Expliqué: Pourquoi un biopic planifié de Muttiah Muralitharan a bouleversé certains Tamouls en Inde
Compte tenu des tensions ethniques au Sri Lanka et de la guerre civile des LTTE, le légendaire joueur de cricket a longtemps dû faire face à des questions sur sa « loyauté » envers sa communauté tamoule.
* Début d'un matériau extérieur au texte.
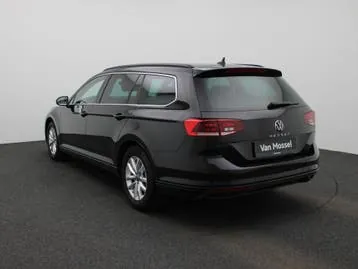 Volkswagen Passat 2023 photo 2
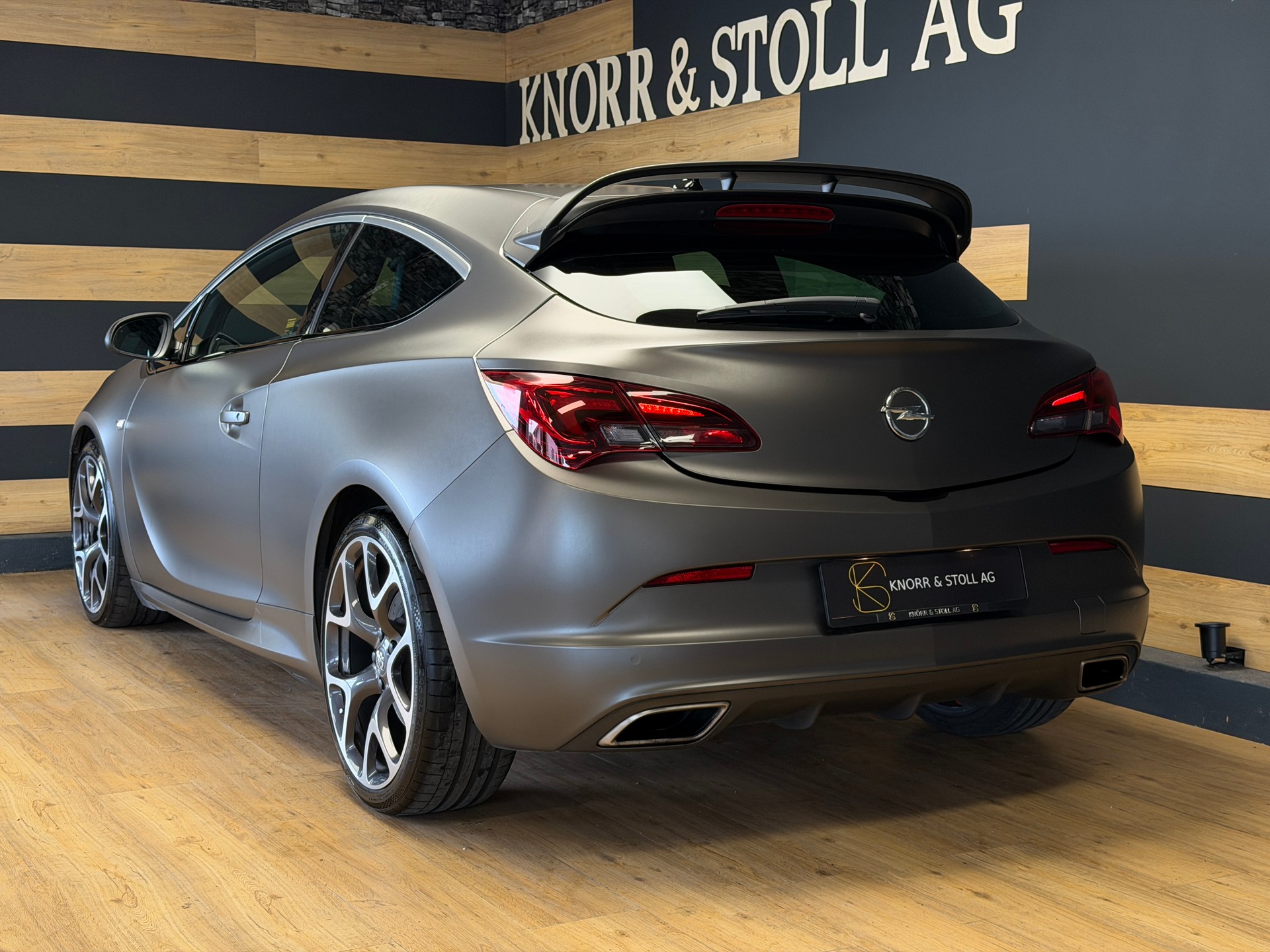 OPEL Astra GTC 2.0i 16V Turbo OPC-image-5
C'est l'histoire de l'homme dans son contexte.

Une polémique sur le légendaire joueur de cricket du Sri Lanka Muttiah Muralitharan a éclaté le 8 octobre, lorsque l'acteur Vijay Sethupathi, a tweeté à propos du lancement de '800', un biopic sur le joueur de cricket.
Les sympathisants nationalistes tamouls du monde du cinéma et de la politique au Tamil Nadu ont publiquement exprimé leur souhait que Sethupathi ne devrait pas agir dans le biopic car ils croient que Muralitharan, qui fait partie de la communauté minoritaire tamoule, était un traître à la cause des Tamouls sri-lankais.
Ils ont remis en cause sa conduite pendant la guerre civile au Sri Lanka, qui a fait des milliers de morts parmi les civils, et s'est terminée par la défaite des Tigres de libération de l'Eelam tamoul (LTTE) en 2009.
À la suite du tollé, Muralitharan a publié une déclaration selon laquelle il avait demandé à l'acteur de se retirer du projet, et Sethupathi a partagé la déclaration sur sa page Facebook.
La colère est née de l'association de Muralitharan avec Mahinda Rajapaksa, qui est maintenant le Premier ministre du Sri Lanka, et son frère Gotabaya Rajapaksa, qui est le président. En 2009, Mahinda Rajapaksa était le président et Gotabaya était le ministre de la Défense – et tous deux ont été accusés de violations flagrantes des droits humains au cours des dernières étapes de la guerre.

Quelle est la brève chronologie des problèmes tamouls-cinghalais ?
En 1956, huit ans après l'indépendance de Ceylan, le Sinhala Only Act a été adopté, faisant du cinghalais la langue de la gouvernance. Le tamoul n'était pas reconnu comme langue officielle.
En 1971, la politique de normalisation a été introduite, qui a fixé des critères plus élevés pour les étudiants tamouls pour entrer dans les universités. En 1972, Ceylan a été rebaptisé Sri Lanka et le bouddhisme occupe une place de choix parmi les religions.
En 1975, Vellupillai Prabhakaran, 21 ans, a assassiné le maire de Jaffna et, un an plus tard, a créé les Tigres de libération de l'Eelam tamoul (LTTE).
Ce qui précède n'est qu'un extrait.